Abuse, Anger, Emotional Abuse, Emotions, Human Nature, Jerks, Life, Regret, Sex, Sexual Abuse, Sexualization

A Jerk in Bed

(About a 4 minute read)

We had been sitting next to each other at the coffee shop’s counter for a few minutes when she introduced herself to me.  Looking up from her magazine, she pointed to the article she’d been reading and said something about it that I can no longer recall.

I was instantly pleased with her for taking the initiative.  I usually like it when women start up conversations with me, and I tend to think of them as a bit adventuresome for having done it.

After that first meeting, I saw her around from time to time.  She would always say hello and we’d usually exchange a few words.  Things stayed casual though.  There was nothing flirtatious in her manner or attitude.

Then one day, I was crossing a side street a bit out of my neighborhood when I heard the beep of a horn.  Looking to my right, I saw she was the driver of the car that had pulled up to the stop sign as I’d begun crossing the street.  She waved me over to her window.

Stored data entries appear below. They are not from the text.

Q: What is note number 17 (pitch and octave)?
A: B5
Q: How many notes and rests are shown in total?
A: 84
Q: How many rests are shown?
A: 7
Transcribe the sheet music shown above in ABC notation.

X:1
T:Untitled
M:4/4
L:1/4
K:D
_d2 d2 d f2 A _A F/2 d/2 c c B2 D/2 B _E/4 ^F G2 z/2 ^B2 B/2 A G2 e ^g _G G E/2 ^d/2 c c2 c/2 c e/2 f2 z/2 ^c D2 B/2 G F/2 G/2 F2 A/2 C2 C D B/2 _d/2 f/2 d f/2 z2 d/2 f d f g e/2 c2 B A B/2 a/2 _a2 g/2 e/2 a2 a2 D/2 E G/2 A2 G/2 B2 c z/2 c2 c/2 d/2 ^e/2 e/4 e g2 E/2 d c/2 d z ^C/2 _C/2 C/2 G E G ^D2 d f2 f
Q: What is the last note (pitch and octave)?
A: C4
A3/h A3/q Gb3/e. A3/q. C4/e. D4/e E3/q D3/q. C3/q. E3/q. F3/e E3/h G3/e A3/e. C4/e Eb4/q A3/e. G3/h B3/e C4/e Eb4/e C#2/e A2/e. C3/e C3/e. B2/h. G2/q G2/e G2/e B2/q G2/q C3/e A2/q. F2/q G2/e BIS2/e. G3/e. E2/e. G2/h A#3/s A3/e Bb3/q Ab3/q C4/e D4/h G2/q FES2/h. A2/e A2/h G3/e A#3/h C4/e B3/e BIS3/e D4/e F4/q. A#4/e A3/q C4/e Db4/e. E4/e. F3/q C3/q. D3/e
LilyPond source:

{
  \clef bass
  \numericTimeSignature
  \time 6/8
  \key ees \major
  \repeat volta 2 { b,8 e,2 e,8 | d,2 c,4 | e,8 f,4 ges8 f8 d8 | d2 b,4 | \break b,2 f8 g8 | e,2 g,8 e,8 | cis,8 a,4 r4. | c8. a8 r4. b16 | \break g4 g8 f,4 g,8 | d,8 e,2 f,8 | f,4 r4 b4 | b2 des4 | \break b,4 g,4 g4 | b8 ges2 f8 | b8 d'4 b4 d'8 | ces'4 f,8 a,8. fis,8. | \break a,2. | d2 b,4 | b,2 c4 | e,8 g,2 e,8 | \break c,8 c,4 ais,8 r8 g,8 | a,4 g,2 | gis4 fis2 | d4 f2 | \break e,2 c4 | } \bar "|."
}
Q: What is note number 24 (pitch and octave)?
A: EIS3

“Want to go for a hamburger?”

I was both interested in her and hungry so I accepted.  At the restaurant, one thing led to another and I agreed to go home with her.  Of course, the thought of sex crossed my mind, but I only imagined this would be a “getting to know each other” day. If there would be sex, I thought it would be some other day.

It happened though.  And it happened relatively quickly.  We’d only been at her place 45 minutes or so before we were going through foreplay on her couch.  But it was nothing like I’d experienced before — and I was fairly well experienced.  Though at first I couldn’t figure out what was “off” about it.

Nevertheless, I was committed to seeing it through. I didn’t even think about changing my mind, or calling for so much as a pause.  She, on the other hand, had no hesitation making an end of it after she came for the second time.  By then I was actually a bit relieved because the sex had felt wrong through out.

Once it was over, I soon got the sense I should be on my way.  That too seemed a bit strange to me, but I took her hints and left.  Walking home that day, I felt quite strange, quite out of sorts with myself.  At first I thought I might be coming down with a cold or flu because I had that queasy, empty stomach feeling you sometimes get when those things come upon you.

But I was also feeling unusually dispirited. This was back when I suffered frequent attacks of depression, but I knew what I was feeling was more acute than usual.  I suddenly realized I was wishing I could cry.

I was raised back in the day when boys were taught never to cry, and I had thoroughly internalized those lessens to the point I could get teary eyed, but not teary eyed enough to shed any actual tears.  That day was no exception, but I did find myself wishing I could cry in order to alleviate the feelings that were building up inside of me, and that showed no signs of going away.

I also felt curiously cheap and used.  At first I didn’t recognize the feelings because I’d never felt anything like them before after sex — or for that matter, seldom enough after anything.  But at last I realized what I was feeling, and then it quickly dawned on me why I was feeling cheap and used.

She’d had been the most selfish partner I’d even known.

The thought rushed me that she’d treated me no better than a vibrator.  I found myself growing angry, wanting to return and punch her around a bit.  It didn’t help that the day had turned cold with a mist.

The walk, though a long one, did nothing to improve my mood.  I couldn’t shake the feelings I was having — alternating now between dejection and anger.  When I got home, I was still miserable.

I doubt I had anything to do with it, but I never saw her at the coffee shop again — or for that matter, anywhere.  Eventually, I forgot all about her, and today I cannot even remember her name.

If nothing else, the experience taught me what it is like to have a completely selfish partner. To put my feelings that day into context, by that time in my life was adept at shrugging off slights and insults.  I had — and I still have — a tendency to see anyone who insults me as a jerk first and foremost whose opinion usually counts no more with me than a turd does.  So I think it must have been because I was totally unprepared for her that she got to me.

I can’t be sure without actually going through something like that again, but I doubt nowadays I would be so affected by the same thing.  For one thing, I’d most likely recognize a selfish lover early on and call things off.  But if not that, then I’d be likely to see one for what she was — a jerk.

But most important, I’m a bit older and wiser now about who is to blame for such things.  Even though I freely consented that day, what happened was entirely her fault, not mine.  I can be a fool, but I’m not foolish enough to hold myself accountable for changing someone from a jerk into a decent person.

Beyond all that, the event did have a ray of light for me.  It gave me much deeper insight into the effects both of abusing someone’s intimacy, and of treating them with complete selfishness.  That, in turn, has helped me understand other people who’ve gone though similar things.